Due to its fundamental nature, this research is unlikely in the short term to have major direct benefits to human health or to the UK economy. However, it will be important for developing new techniques for systems biology of vertebrates, for developing in silico models of a medically-important cell-type, the melanocyte, and for understanding a highly medically-relevant process, fate choice in multipotent stem cells. The broader importance of our research lies principally in its interdisciplinary nature, exploring capabilities and limitations of in silico modelling in development. Thus, the most immediate impact will be via transfer of knowledge to other researchers. The most direct beneficiaries will be academic researchers in the zebrafish development and genetics, pigment cell biology, mathematical biology, biological physics and systems biology fields. Researchers in the commercial private sector, including research charities (e.g. CRUK) and the pharmaceuticals/regenerative medicine communities (e.g. Pfizer) will benefit from better understanding gene function in pigment cell development, phenotypic information, much expanded gene regulatory networks (GRNs), methodological advances regarding GRN development and testing and the use of dynamical systems and stochastic processes in development, as well as through secondary use of our data. This will have impact far beyond the immediate biological significance of our research. By reaching these groups of academic and biotechnology researchers, we will influence the quality of life of the UK public, by providing basic research informing our understanding of ageing and disease, and allowing safe and effective use of stem cells.

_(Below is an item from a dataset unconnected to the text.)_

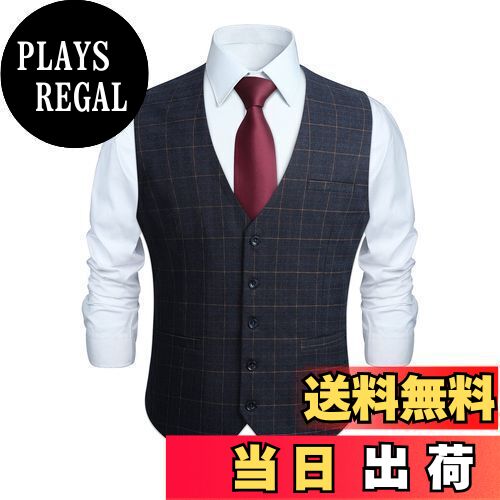 【送料無料】[HISDERN] スーツ ベスト メンズ チェック柄 ネイビー 5ボダン 3ポケット スリム Vネック 尾錠付き ビジネス 結婚式 ジレベスト フィット サイズS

Policy-makers, including National Centre for 3Rs Research, will benefit in the longer term from developing improved methods for modelling in vivo GRNs; as these models become more sophisticated and quantitative, this will in time help to reduce the numbers of animals used in research.

In the commercial private sector, the data and models generated will be important to the pharmaceutical industry and research charities working on pigmentation disorders and melanoma. Our contribution will be indirect, by showing the value of the interdisciplinary approach we are pioneering, and also direct, towards understanding healthy melanocyte function. This research is vital to our better understanding of abnormal function and to the development of therapies against diseases such as melanoma and Waardenburg syndrome.

Within the public sector, and for the public themselves, our work will contribute to the public understanding of science, especially since pigment cell biology is so 'visual', and thus of interest to organisations such as the Bath Royal Literary and Scientific Institution. Our work could be used to explain the concepts of systems and mathematical biology, and differentiation in health and disease. Because of the relevance to melanoma, this topic could be of considerable interest to the public.

This project will have high impact on PDRA Training, in its combination and integration of innovative techniques in experimental in vivo biology and mathematical modelling. As such, the two PDRAs will obtain a superb training in this increasingly attractive area, making them highly employable in academe or in industry.